There are just a few factors price right here:
- The L40S is a massively improved card for AI coaching and inferencing versus the L40, however one can simply see the widespread heritage.
- The L40 and L40S usually are not the playing cards if you happen to want absolute reminiscence capability, bandwidth, or FP64 efficiency. Given the relative share that AI workloads are taking on conventional FP64 compute nowadays, most folk will probably be greater than OK with this trade-off.
- The L40S might seem like it has considerably much less reminiscence than the NVIDIA A100, and bodily, it does, however that’s not the entire story. The NVIDIA L40S helps the NVIDIA Transformer Engine and FP8. Utilizing FP8 drastically reduces the dimensions of information and due to this fact, a FP8 worth can use much less reminiscence and requires much less reminiscence bandwidth to maneuver than a FP16 worth. NVIDIA is pushing the Transformer Engine as a result of the H100 additionally helps it and helps decrease the fee or enhance the efficiency of its AI components.
- The L40S has a extra visualization-heavy set of video encoding/ decoding, whereas the H100 focuses on the decoding aspect.
- The NVIDIA H100 is quicker. It additionally prices much more. For some sense, on CDW, which lists public costs, the H100 is round 2.6x the worth of the L40S on the time we’re scripting this.
- One other huge one is availability. The NVIDIA L40S is way quicker to get nowadays than ready in line for a NVIDIA H100.

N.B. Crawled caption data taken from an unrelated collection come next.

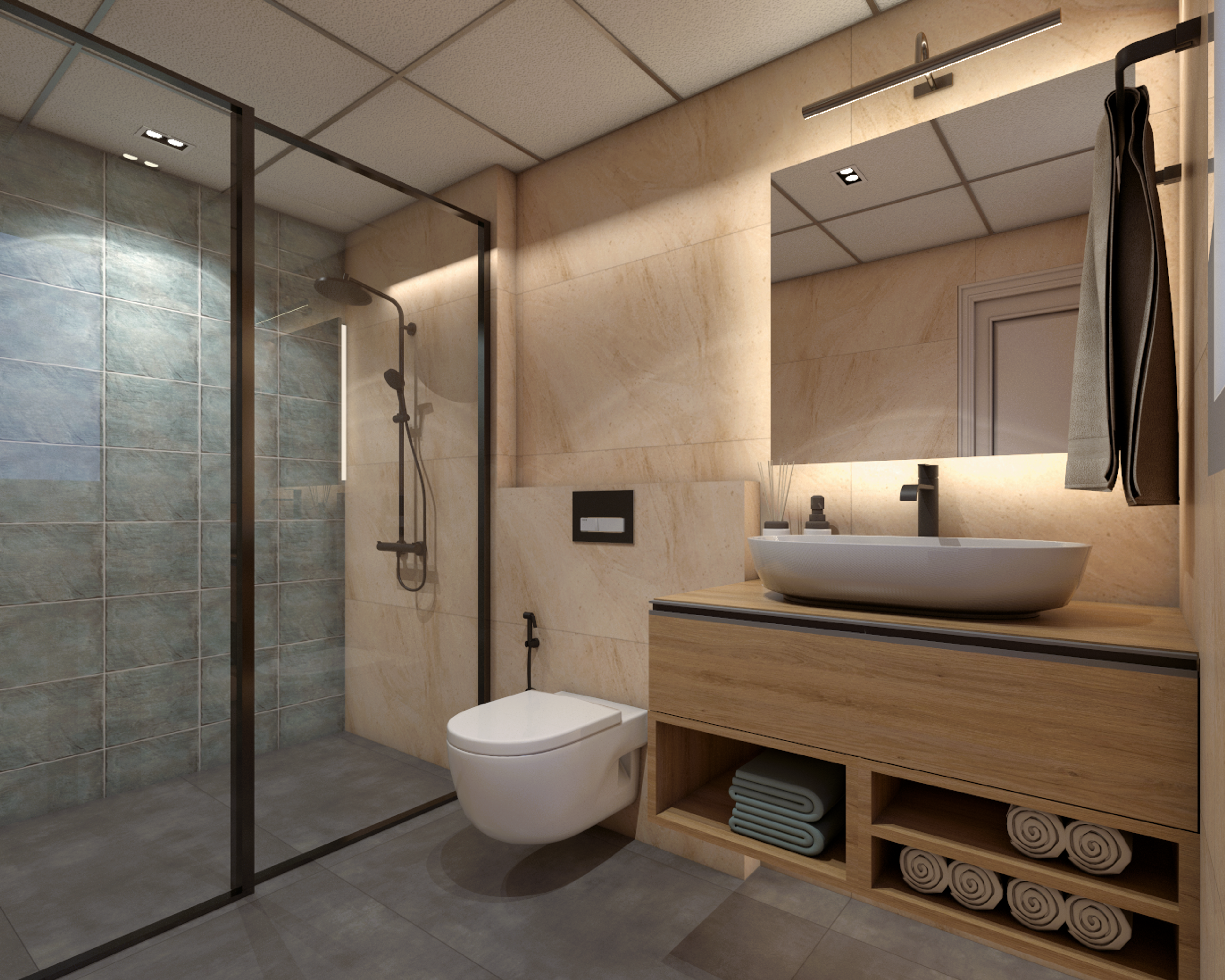 Modern Bathroom Design With Beige-Coloured Walls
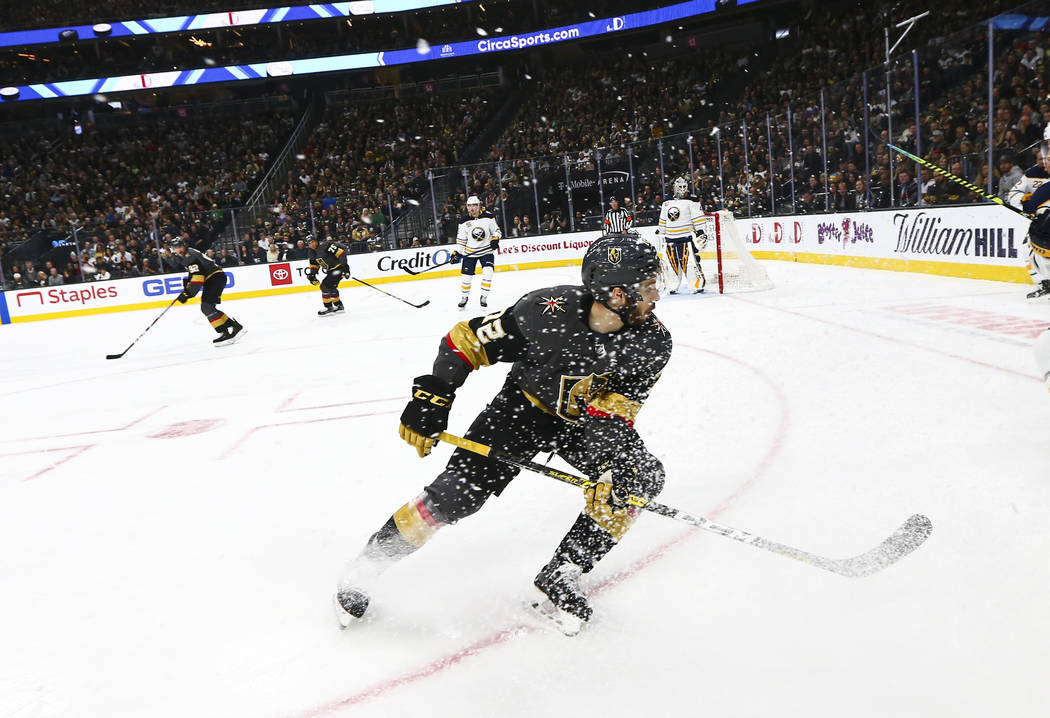 Golden Knights' Gage Quinney (72) skates on the ice during the first period of an NHL hockey ga ...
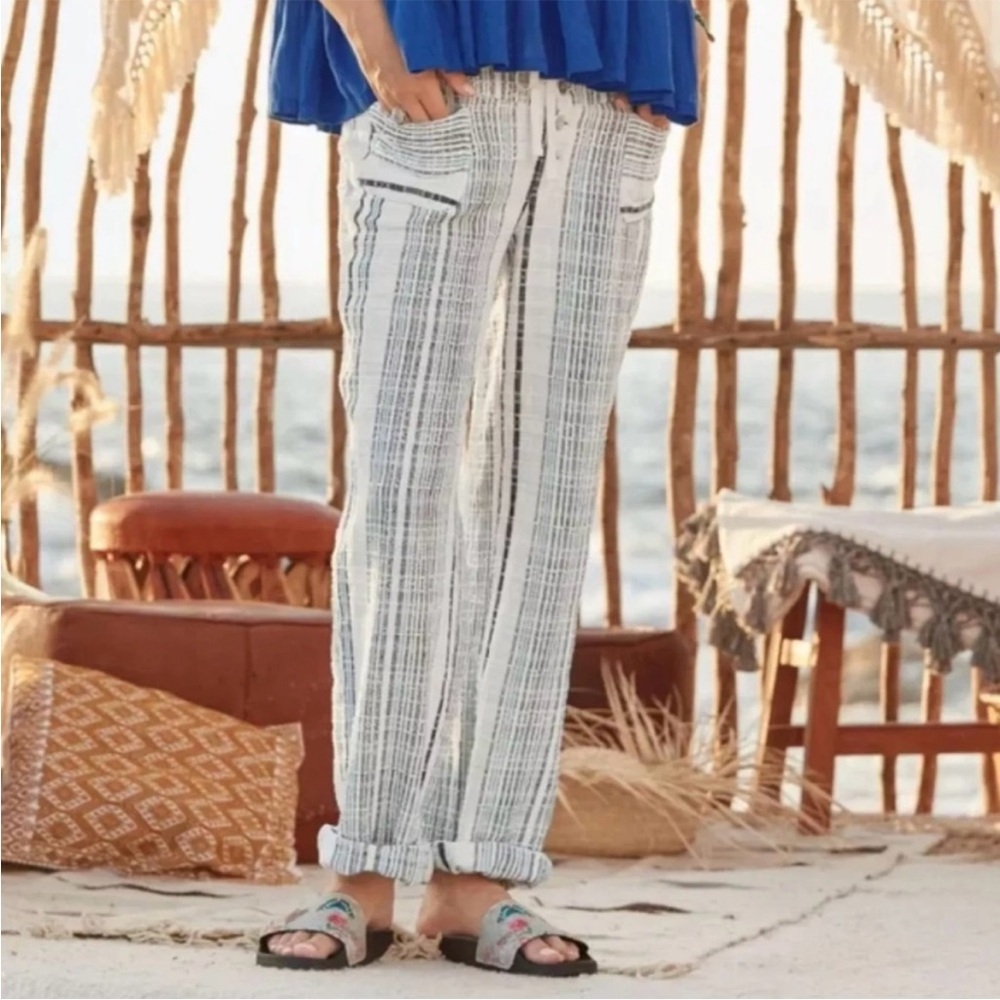 Sundance White and Black Striped Linen-Blend Drawstring Track Pants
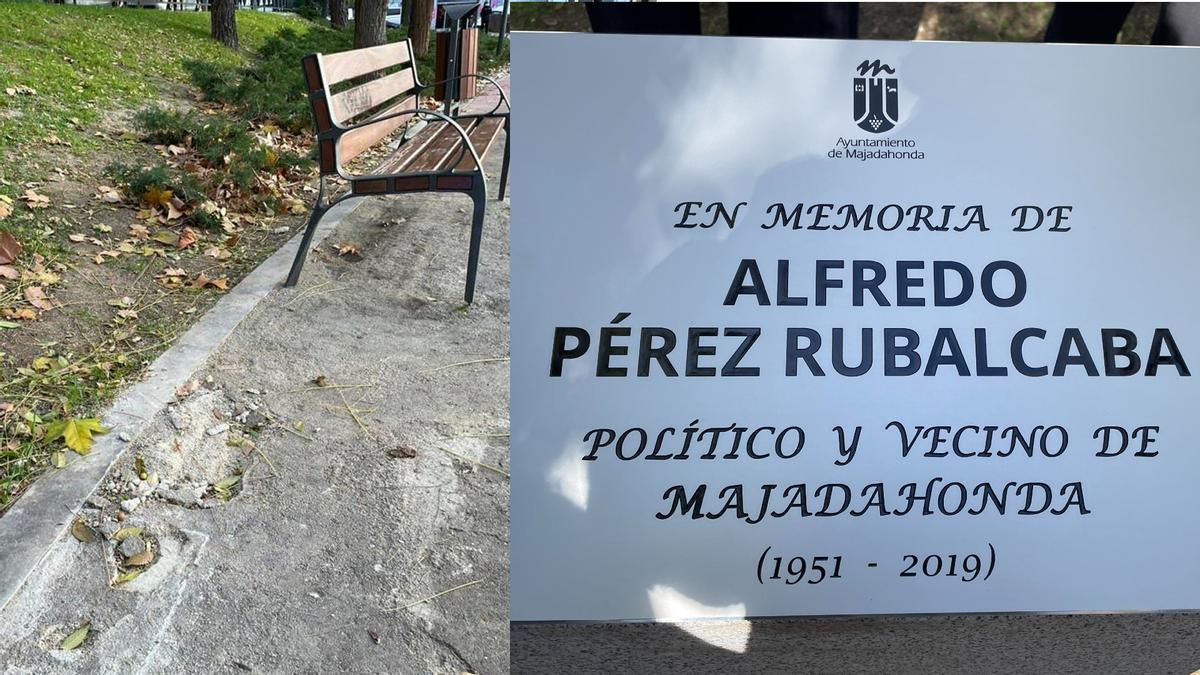 Daños en el monolito en honor de Alfredo Pérez Rubalcaba en Majadahonda (Madrid).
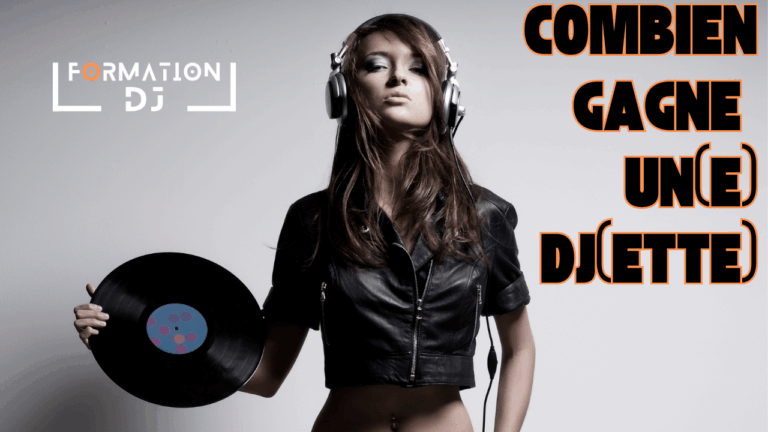 DJ femme tenant un vinyle, casque sur les oreilles, visuel Formation-DJ avec titre “Combien gagne un(e) DJ(ette)”.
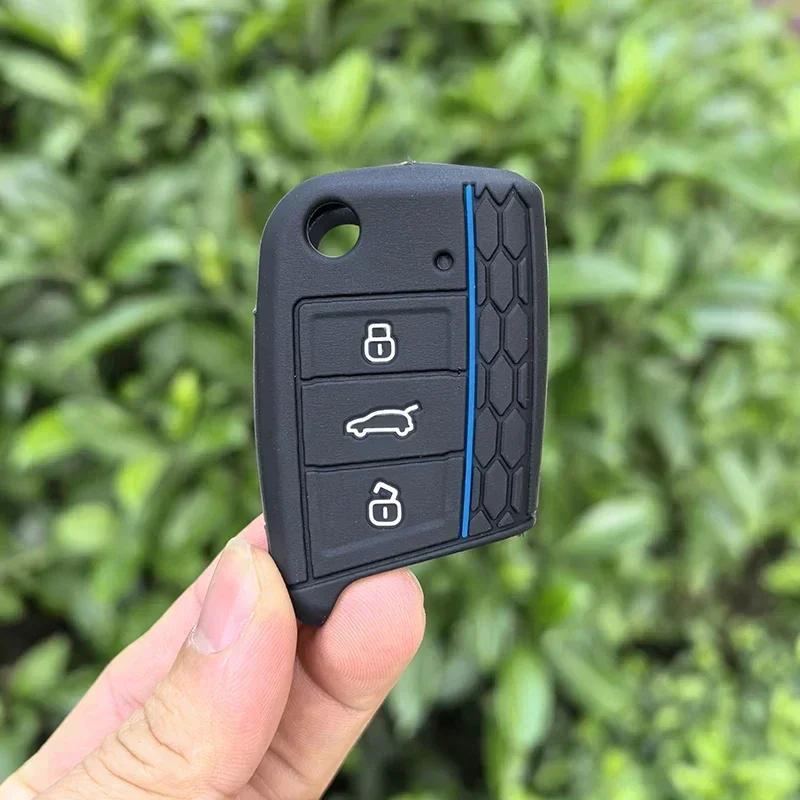 Silicone Car Key Cover For Volkswagen Golf 7 Mk7 Tiguan Mk2 T-Roc T-Cross For Skoda Octavia Kodiaq Karoq For Seat Ateca Leon Fob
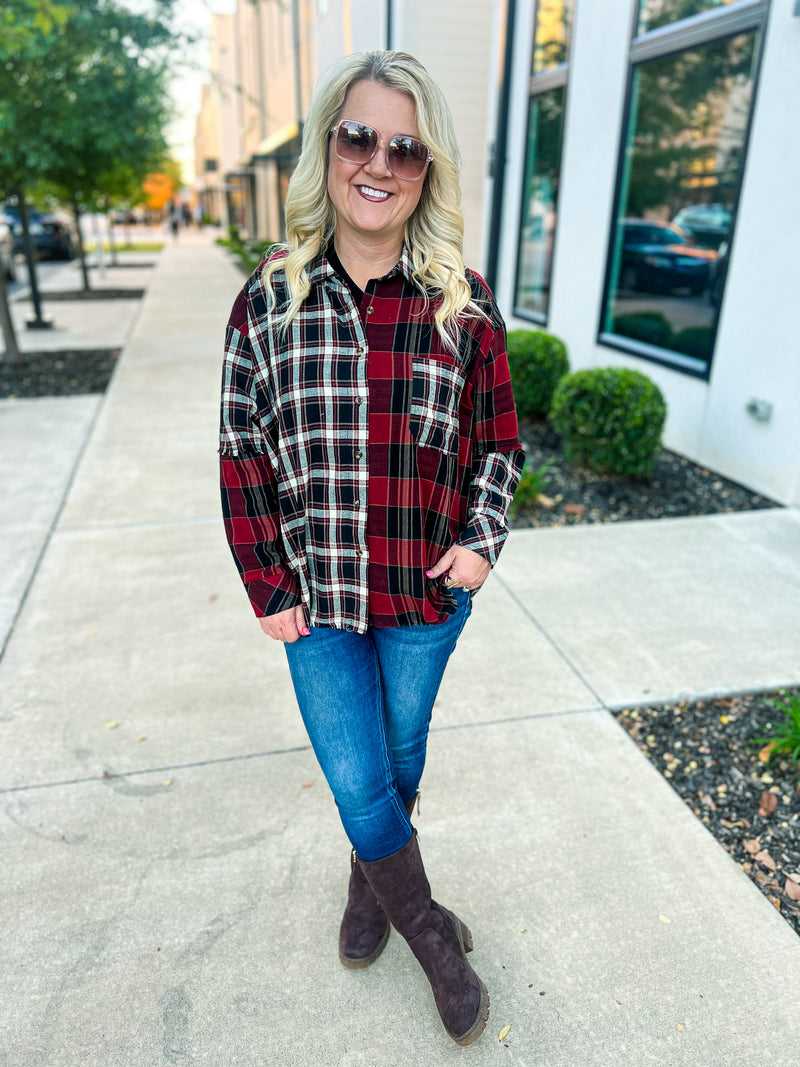 Red & Black Plaid Button Up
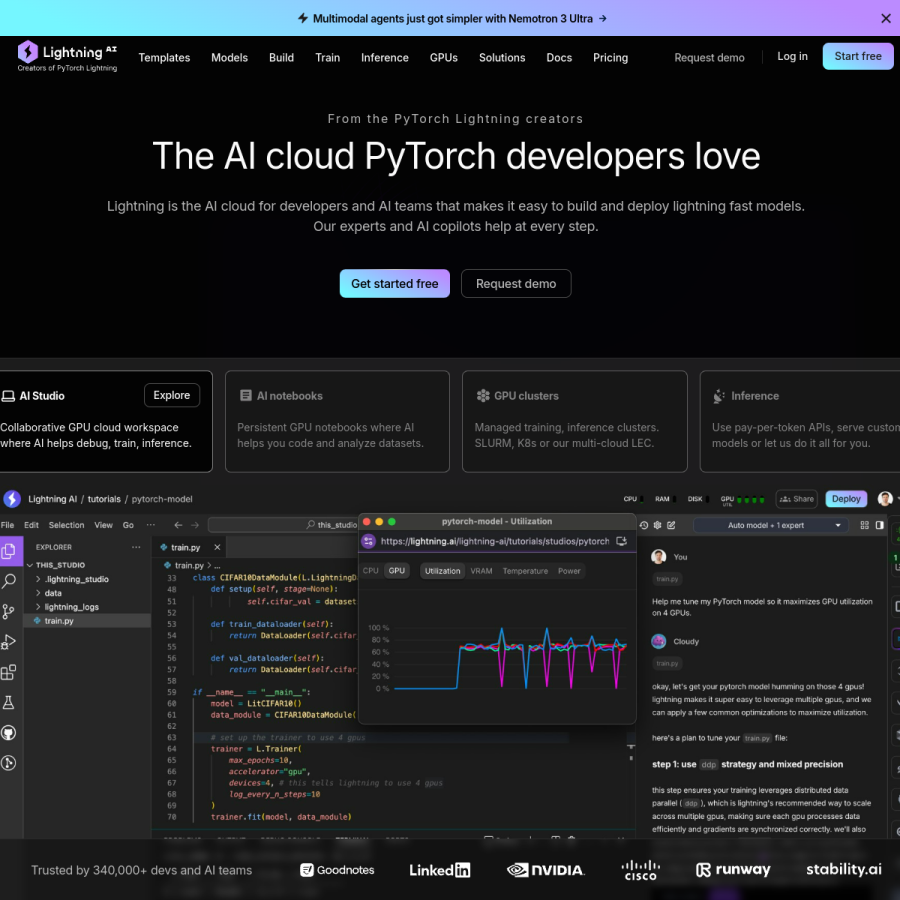 lightning.ai homepage screenshot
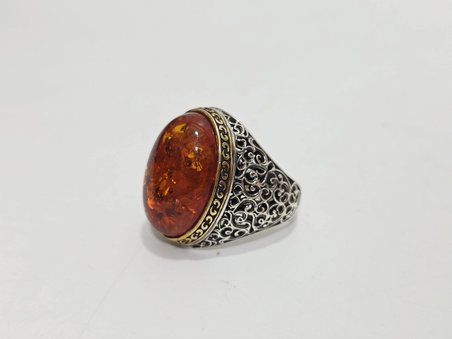 Kehribar Taş Motifli 925 Ayar Gümüş Yüzük 20,70 Gram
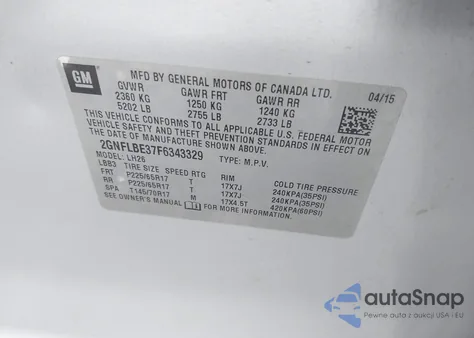 2015 Chevrolet Equinox 1Lt z USA, uszkodzony, nr VIN 2GNFLBE37F6343329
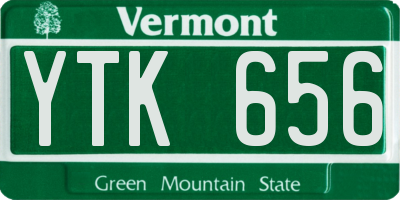 VT license plate YTK656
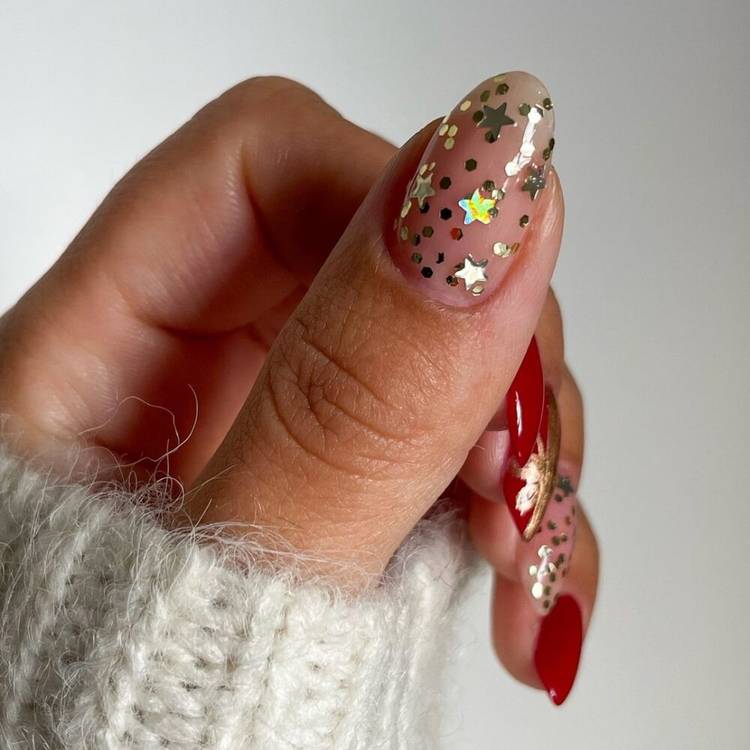 Clear Base Gold Glitter Red Leaf Almonds Clear Base Gold Glitter Red Leaf Almonds β Christmas Nails for Women Over 50 2026
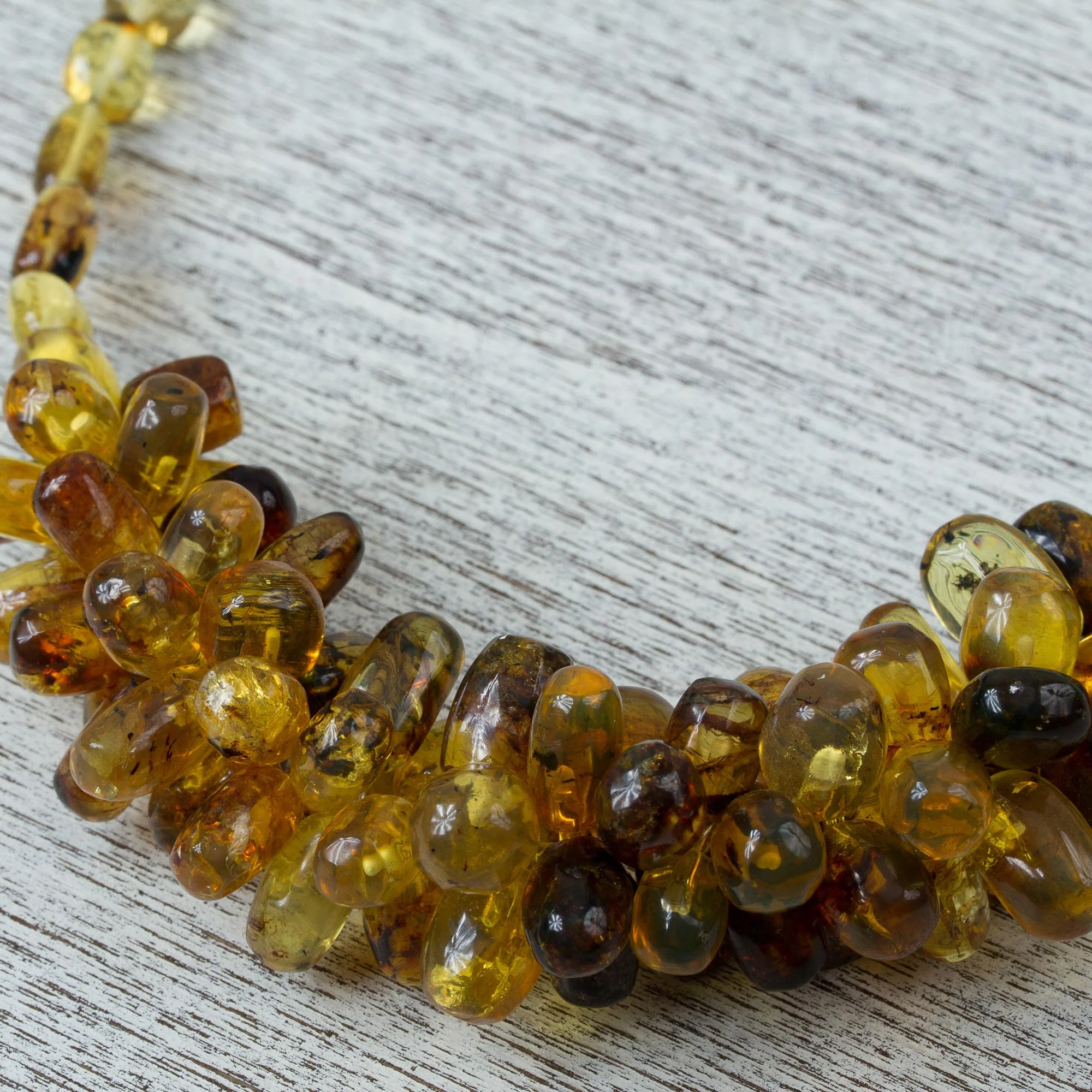 Honey Droplets Amber Beaded Necklace - Image 4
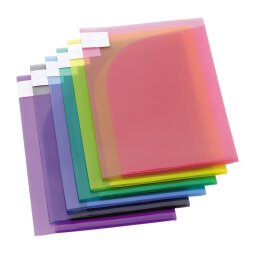L-mapjes plastic dubbele vakjes Tarifold Color Collection polypropyleen 20/100e A4 assortiment - pak van 12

The key is {that a} new widespread strategy to get forward on the AI {hardware} aspect is to not use the H100 for mannequin customization and inference. As an alternative, there’s a shift again to a well-known structure we coated a few years in the past, the dense PCIe server. In 2017, once we did DeepLearning11 a 10x NVIDIA GTX 1080 Ti Single Root Deep Studying Server cramming NVIDIA GeForce GTX 1080 Ti’s right into a server was the go-to structure for even giant corporations like search/ net hyperscalers in sure components of the world and autonomous driving corporations.

NVIDIA modified its EULA to outlaw this type of configuration, and it’s making its software program focus extra on the info heart components for AI inference and coaching, so issues are totally different now.
In 2023, take into consideration the identical idea however with a NVIDIA L40S twist (and with out server “humping.”)

One can get comparable efficiency, presumably at a cheaper price, by shopping for L40S servers and simply getting extra lower-cost GPUs than utilizing the H100.
Subsequent, allow us to dive into {that a} bit extra.